Records from a data source:
====
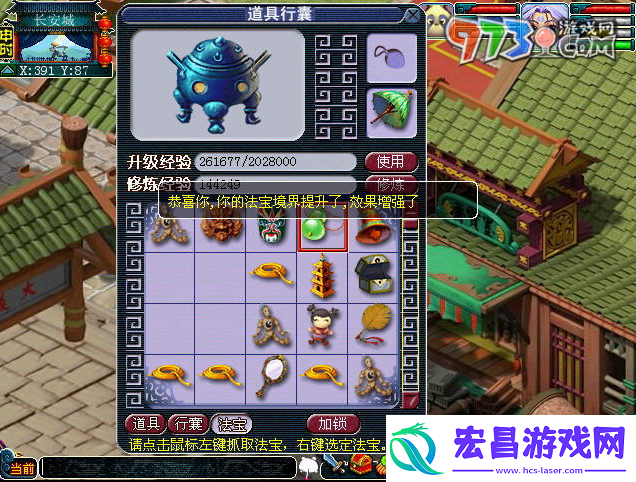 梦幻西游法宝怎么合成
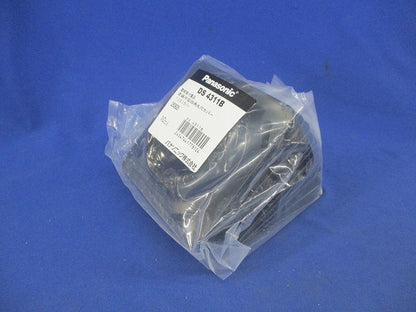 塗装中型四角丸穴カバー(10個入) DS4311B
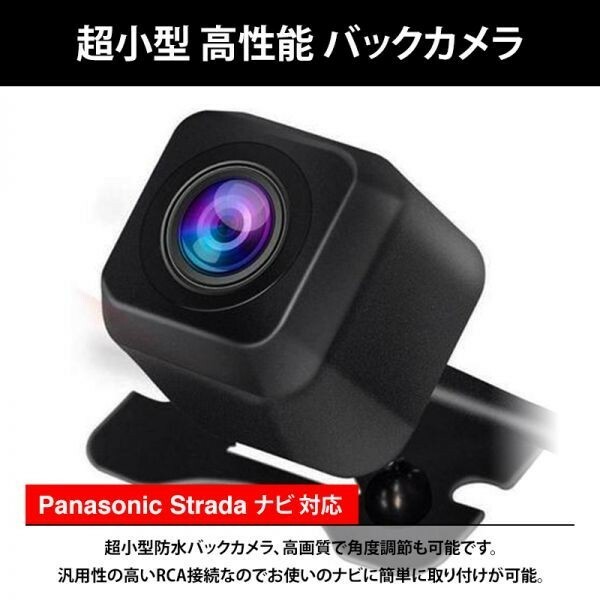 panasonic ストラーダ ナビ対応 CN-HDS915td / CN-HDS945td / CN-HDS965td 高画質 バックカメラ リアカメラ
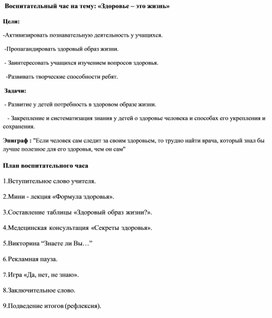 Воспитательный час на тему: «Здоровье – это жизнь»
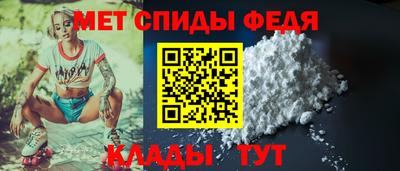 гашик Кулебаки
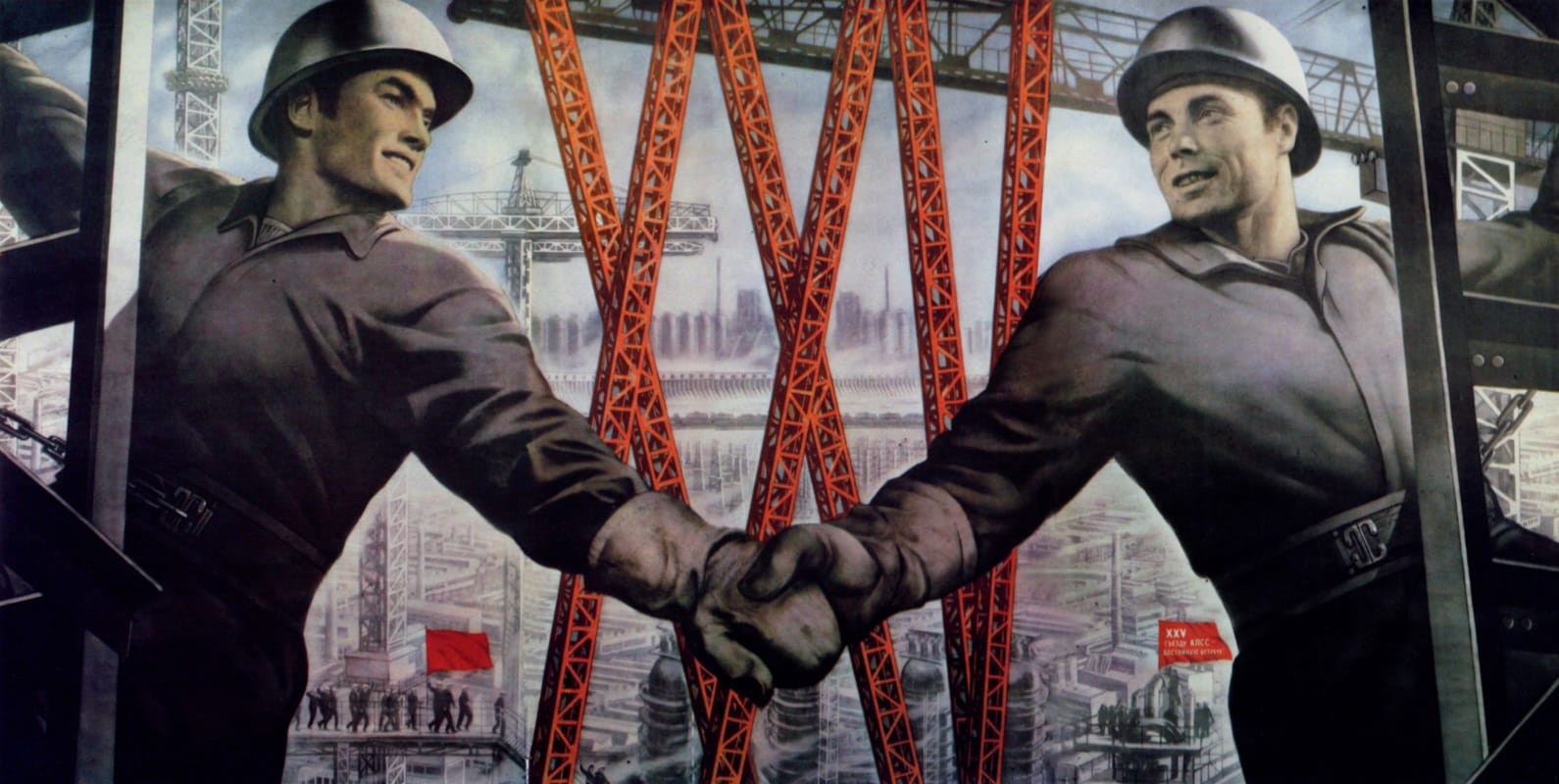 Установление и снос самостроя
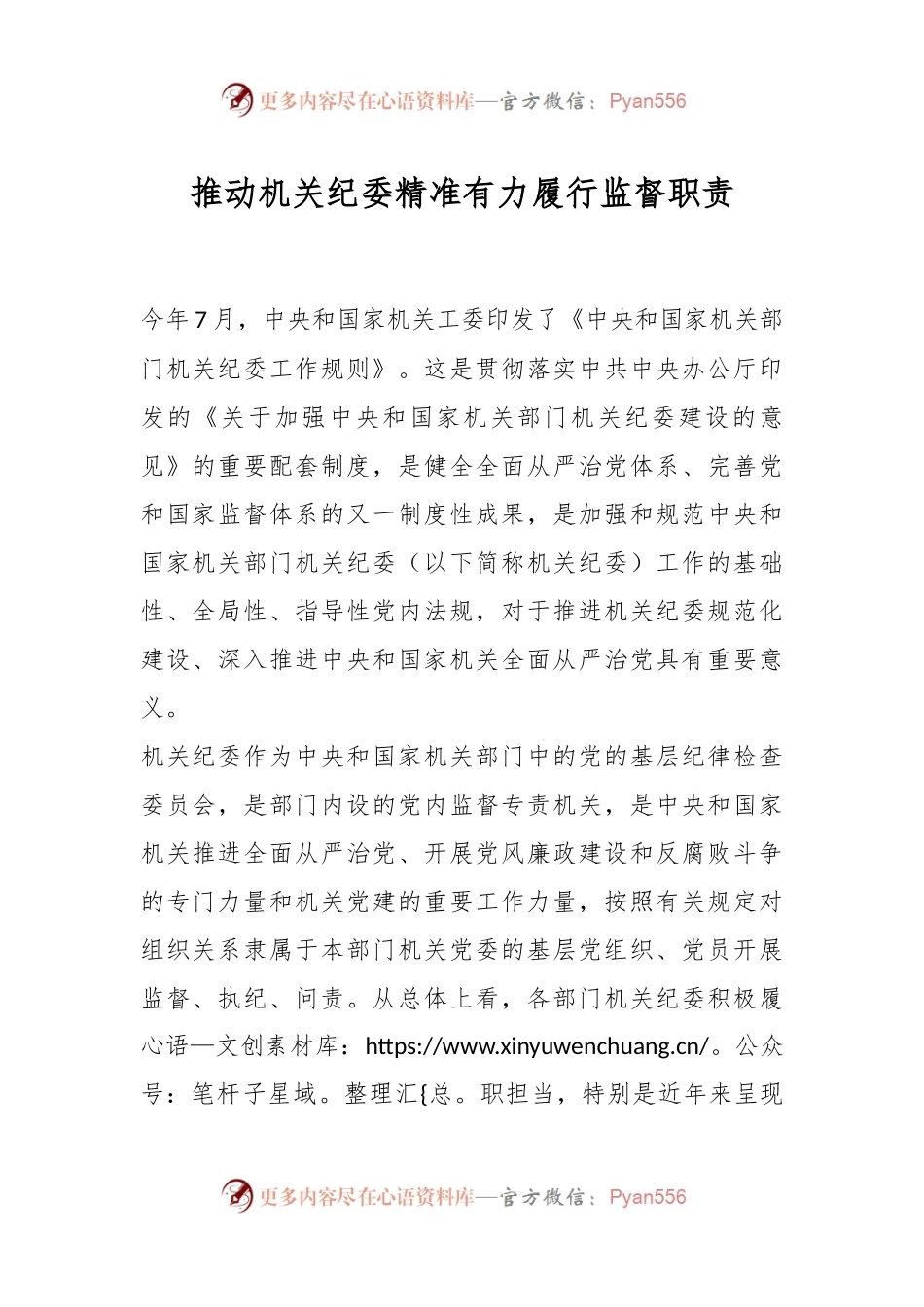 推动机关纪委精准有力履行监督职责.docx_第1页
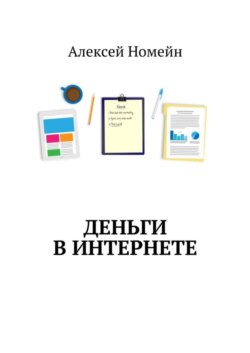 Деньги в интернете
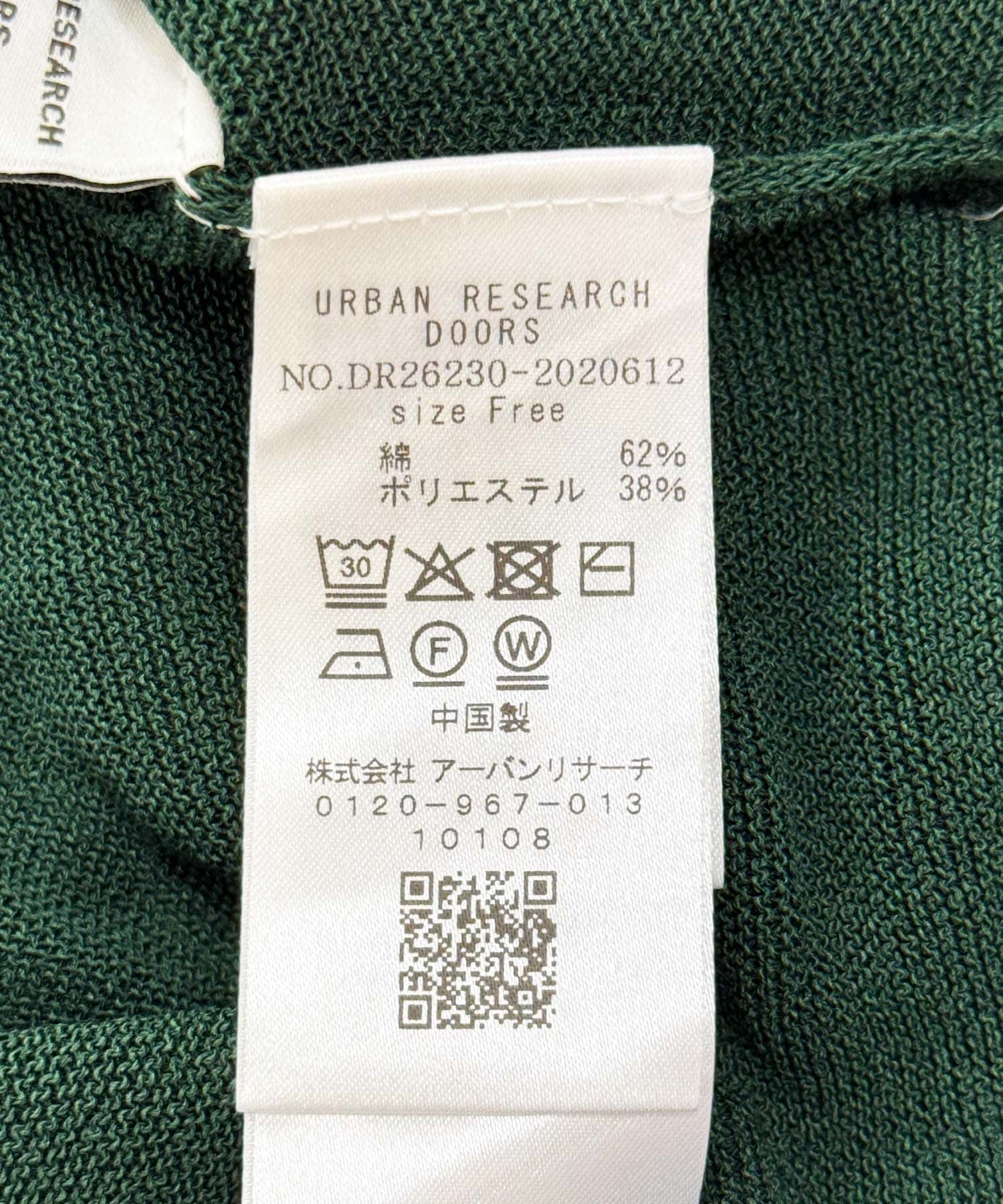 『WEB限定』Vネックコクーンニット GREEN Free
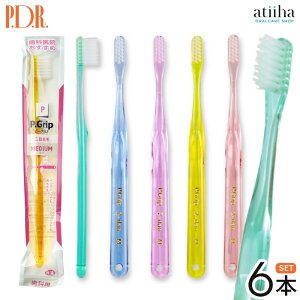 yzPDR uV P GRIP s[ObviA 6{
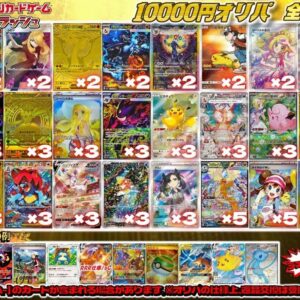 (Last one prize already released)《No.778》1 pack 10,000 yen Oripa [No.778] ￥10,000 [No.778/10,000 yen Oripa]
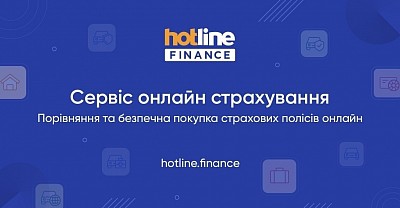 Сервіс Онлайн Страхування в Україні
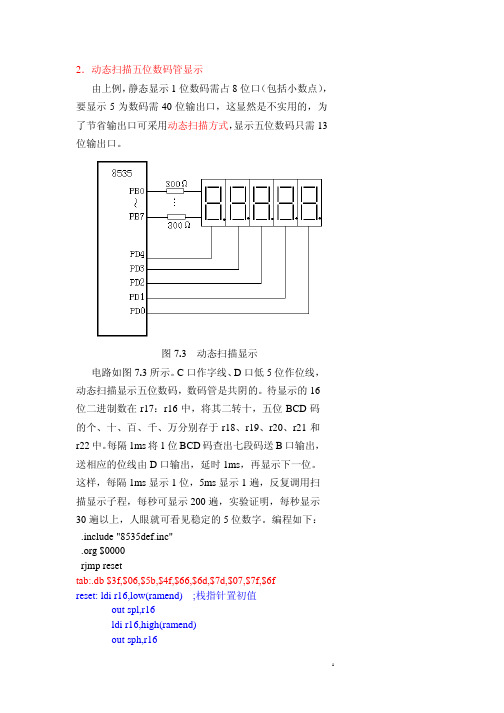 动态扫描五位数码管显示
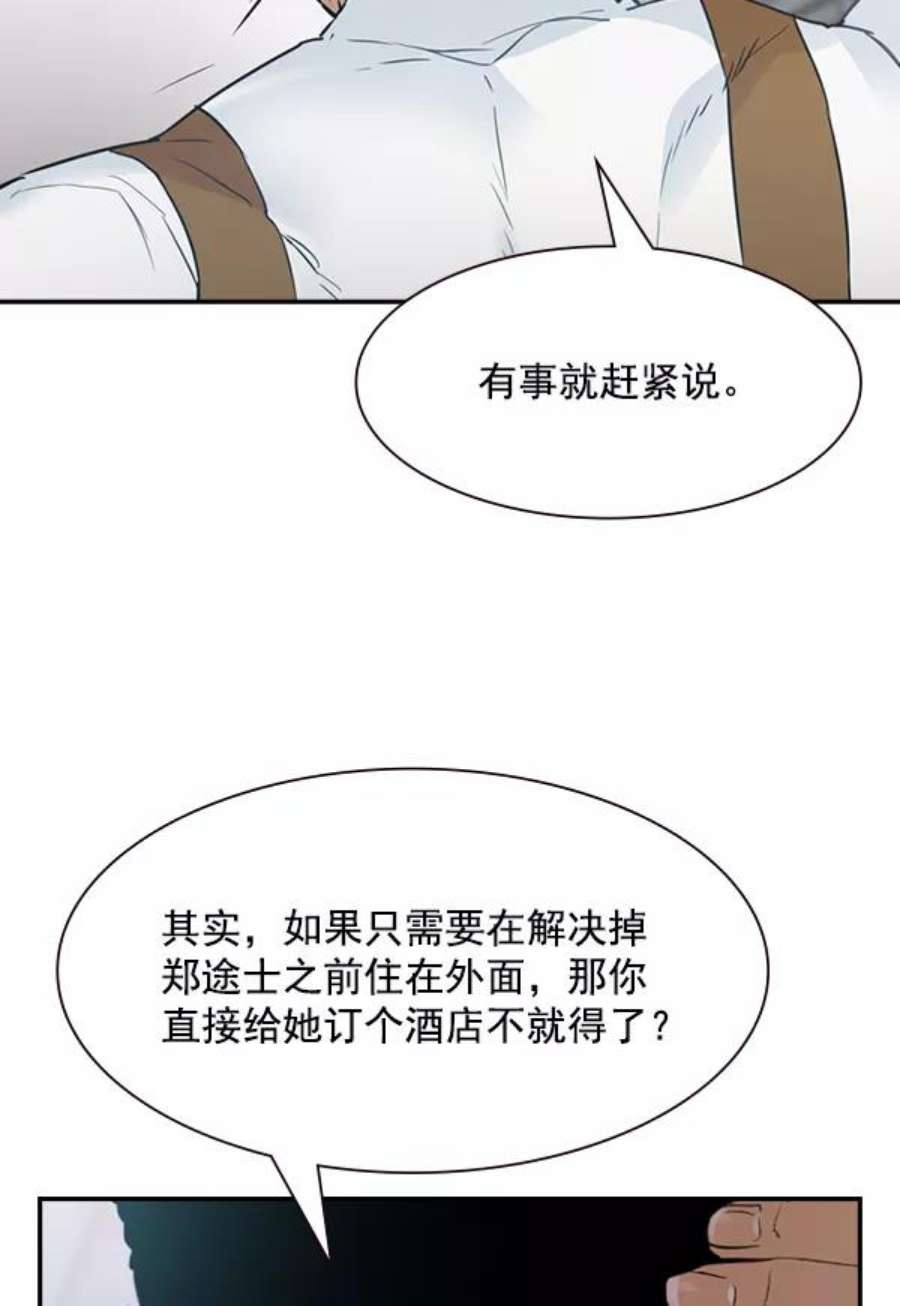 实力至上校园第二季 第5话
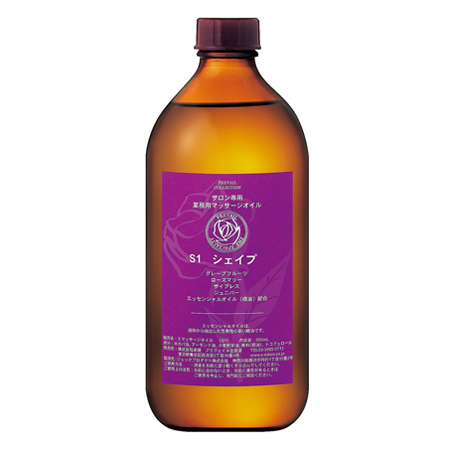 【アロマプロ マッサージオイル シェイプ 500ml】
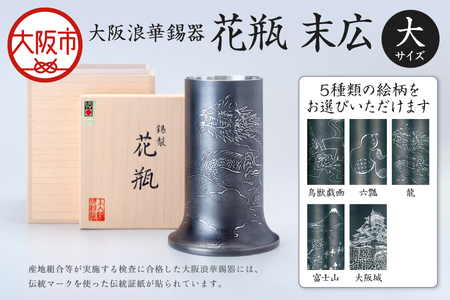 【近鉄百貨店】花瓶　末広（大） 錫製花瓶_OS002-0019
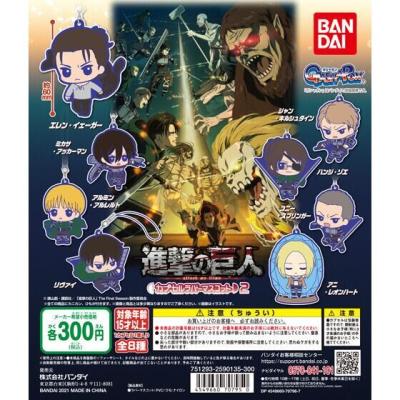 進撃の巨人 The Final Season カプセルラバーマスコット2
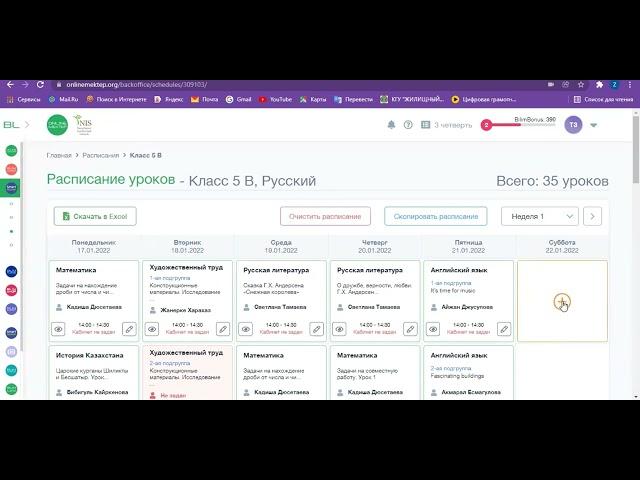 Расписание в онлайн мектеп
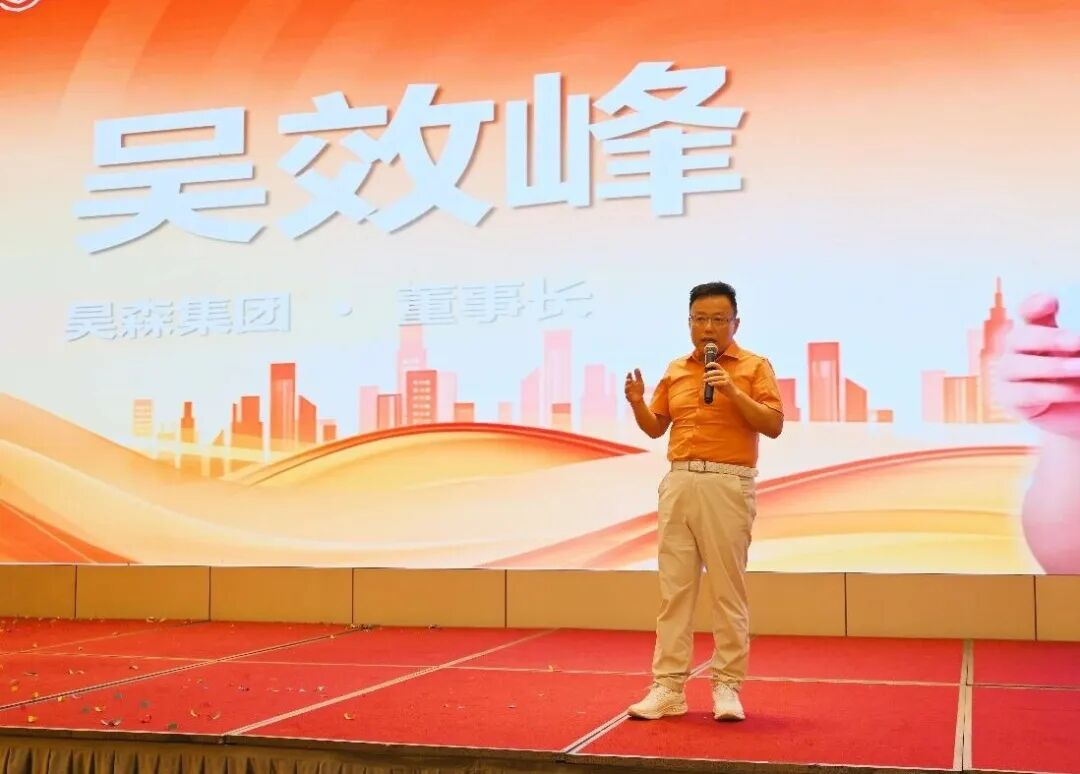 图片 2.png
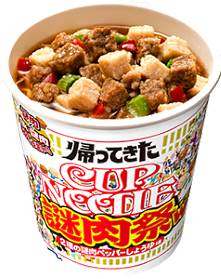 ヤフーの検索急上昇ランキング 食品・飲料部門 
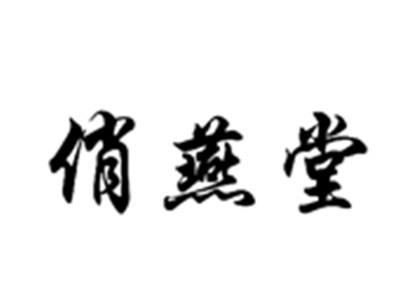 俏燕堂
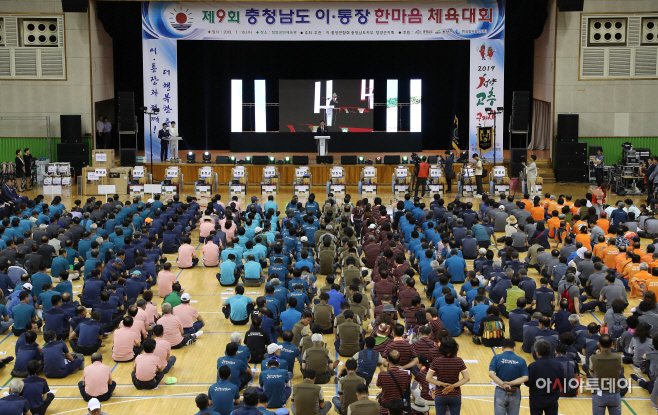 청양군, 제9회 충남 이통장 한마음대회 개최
====
• _WHAT YOU SHOULD DO_: Return every entry unchanged and skip the pictures.

• _YOUR SOLUTION_:
 梦幻西游法宝怎么合成
 塗装中型四角丸穴カバー(10個入) DS4311B
 panasonic ストラーダ ナビ対応 CN-HDS915td / CN-HDS945td / CN-HDS965td 高画質 バックカメラ リアカメラ
 Воспитательный час на тему: «Здоровье – это жизнь»
 гашик Кулебаки
 Установление и снос самостроя
 推动机关纪委精准有力履行监督职责.docx_第1页
 Деньги в интернете
 『WEB限定』Vネックコクーンニット GREEN Free
 yzPDR uV P GRIP s[ObviA 6{
 (Last one prize already released)《No.778》1 pack 10,000 yen Oripa [No.778] ￥10,000 [No.778/10,000 yen Oripa]
 Сервіс Онлайн Страхування в Україні
 动态扫描五位数码管显示
 实力至上校园第二季 第5话
 【アロマプロ マッサージオイル シェイプ 500ml】
 【近鉄百貨店】花瓶　末広（大） 錫製花瓶_OS002-0019
 進撃の巨人 The Final Season カプセルラバーマスコット2
 Расписание в онлайн мектеп
 图片 2.png
 ヤフーの検索急上昇ランキング 食品・飲料部門 
 俏燕堂
 청양군, 제9회 충남 이통장 한마음대회 개최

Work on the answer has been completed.